Pictures with short captions:
------------------------------------------------------------
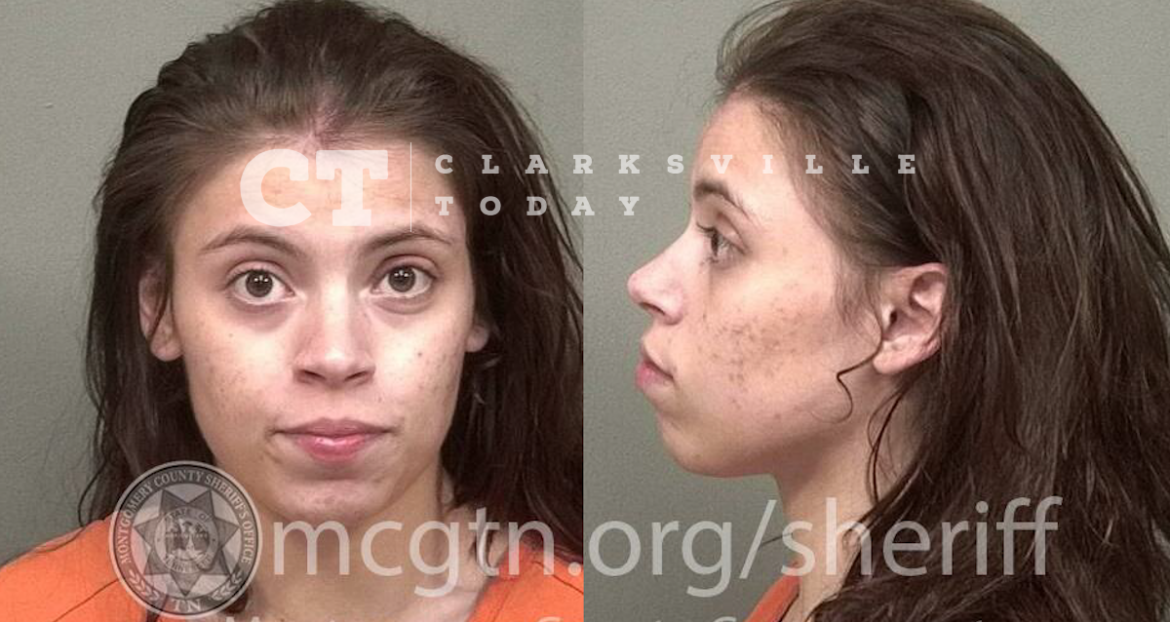 Elaina Schockling charged for harassing multiple people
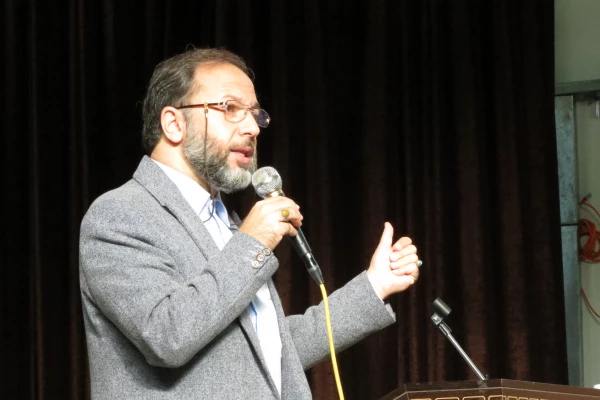 کارگاه روش تدریس هدیه های آسمان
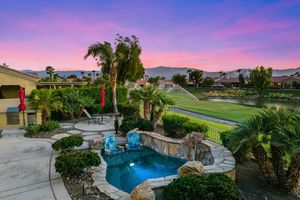40365 CAMINO ZULEMA, INDIO, CA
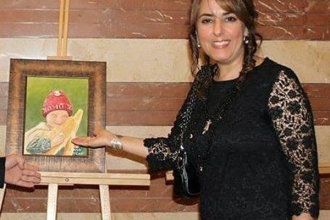 23 Eylül 2014 - Cemal Reşit REY Sergi Salonu 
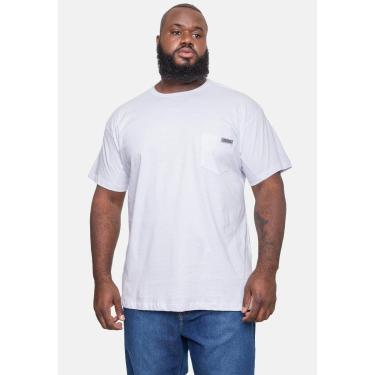 Imagem de Camiseta Fatal Fashion Basic Plus Size Masculino-Masculino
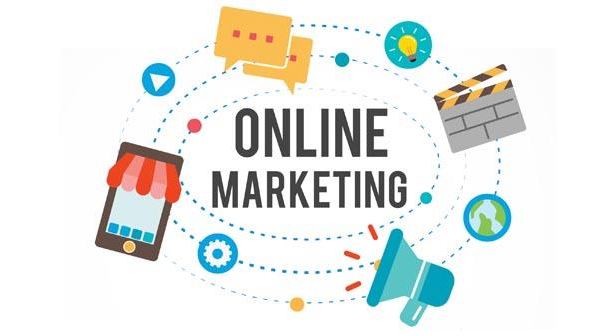 Kinh doanh trực tuyến có cần những giải pháp marketing?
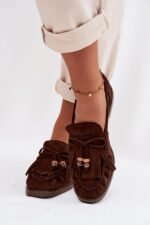 Mocassin model 224258 Step in style - Image 3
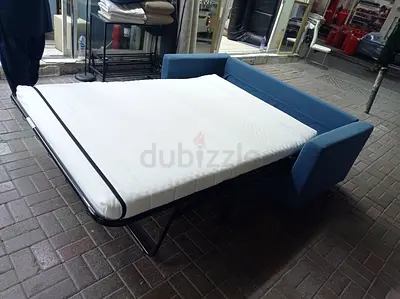 2 SET SOFA BED IKEA VIMLE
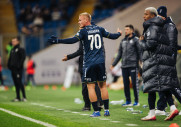 Ростов 0-1 Динамо
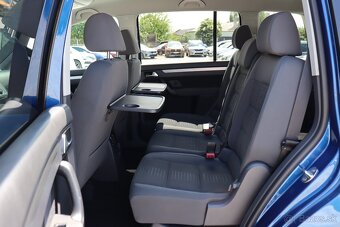 Volkswagen Touran 1.9 TDI Highline - 12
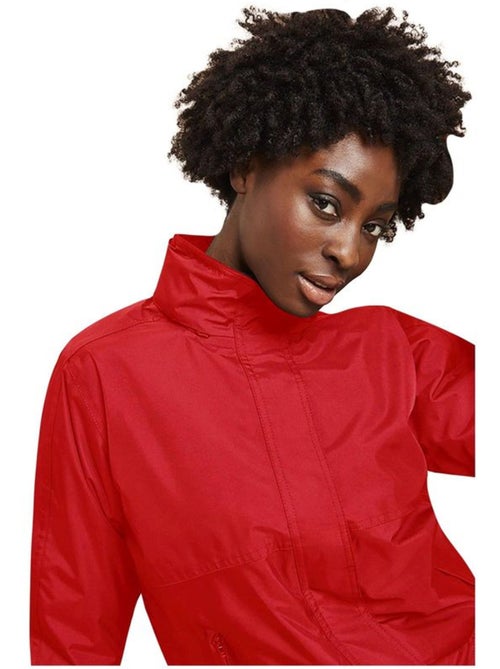 Veste imperméable - result core - Kiabi Veste imperméable - result core - Kiabi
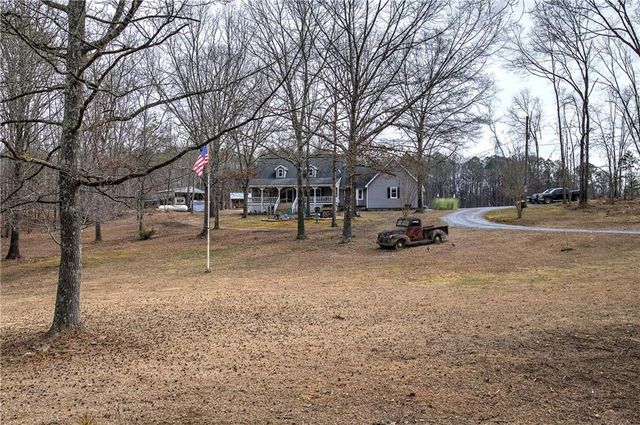 452 Terry White Road, Aragon, GA 30104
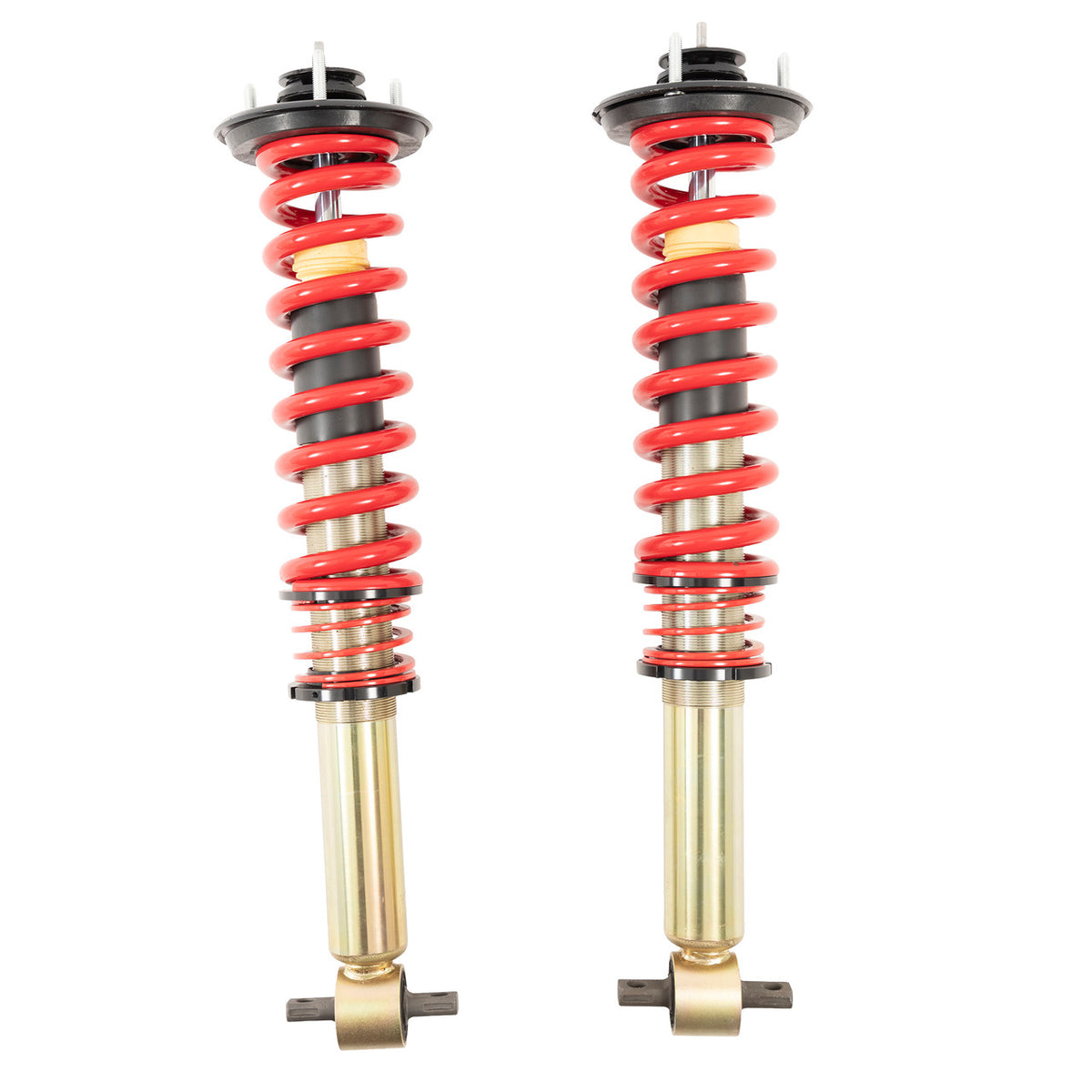 Belltech 6-9in Trail Performance Coilover Kit 2007-2018 for GM 1500 2/4WD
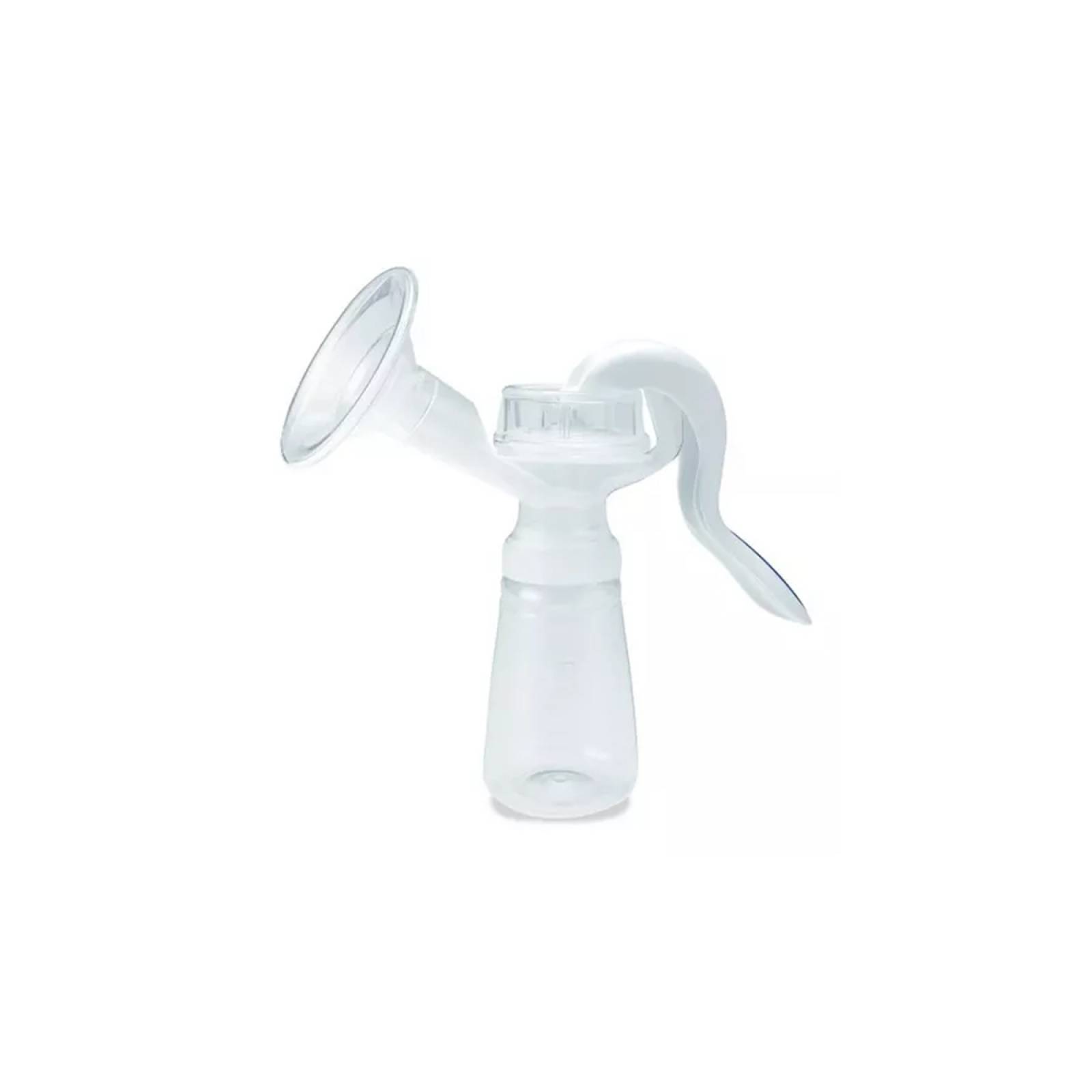 Extractor Manual Leche Materna Pigeon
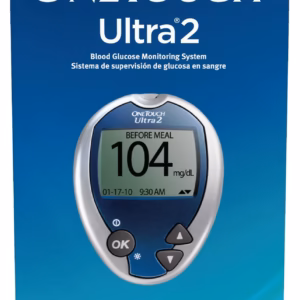 One Touch Meter One Touch Meter x1 Pack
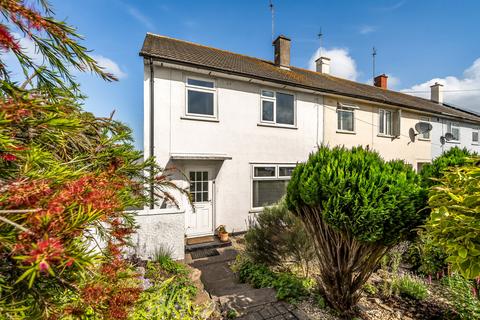 3 bedroom end of terrace house for sale, Chakeshill Drive, Somerset BS10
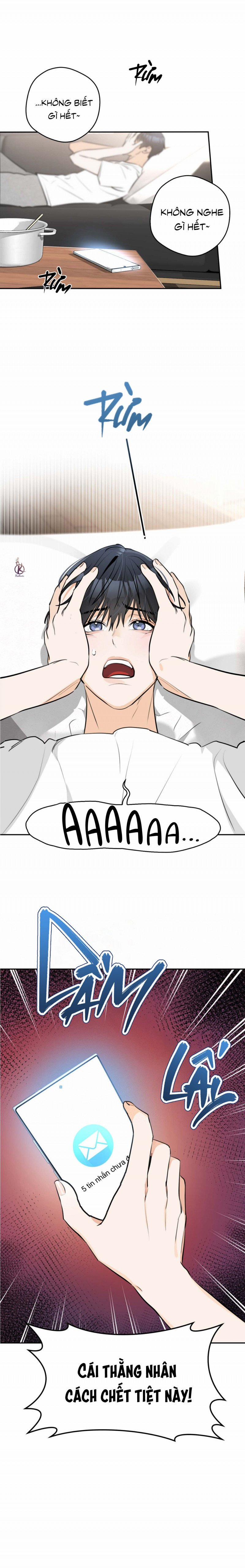 Chuyện Tình Của Eul 1 trang 4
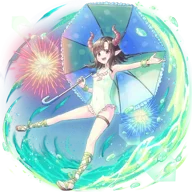 Awoken Summer Princess Leone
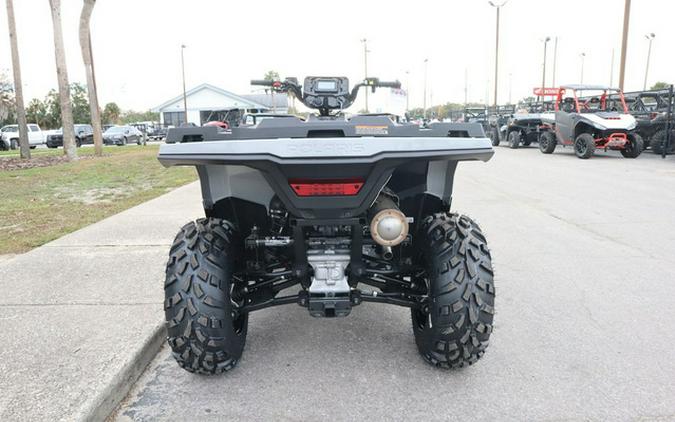 2026 Polaris Sportsman 570 EPS
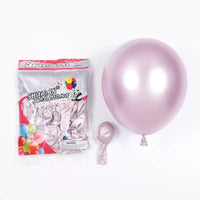 GFT82C | Party Balloons 50pcs / Purple 1.5$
------------------------------------------------------------
- Task details: Each record should be written out exactly, and each image should be omitted.

- Answer space:
 Elaina Schockling charged for harassing multiple people
 کارگاه روش تدریس هدیه های آسمان
40365 CAMINO ZULEMA, INDIO, CA
 23 Eylül 2014 - Cemal Reşit REY Sergi Salonu 
 Imagem de Camiseta Fatal Fashion Basic Plus Size Masculino-Masculino
 Kinh doanh trực tuyến có cần những giải pháp marketing?
 Mocassin model 224258 Step in style - Image 3
 2 SET SOFA BED IKEA VIMLE
 Ростов 0-1 Динамо
 Volkswagen Touran 1.9 TDI Highline - 12
 Veste imperméable - result core - Kiabi Veste imperméable - result core - Kiabi
 452 Terry White Road, Aragon, GA 30104
 Belltech 6-9in Trail Performance Coilover Kit 2007-2018 for GM 1500 2/4WD
 Extractor Manual Leche Materna Pigeon
 One Touch Meter One Touch Meter x1 Pack
 3 bedroom end of terrace house for sale, Chakeshill Drive, Somerset BS10
 Chuyện Tình Của Eul 1 trang 4
 Awoken Summer Princess Leone
 2026 Polaris Sportsman 570 EPS
 GFT82C | Party Balloons 50pcs / Purple 1.5$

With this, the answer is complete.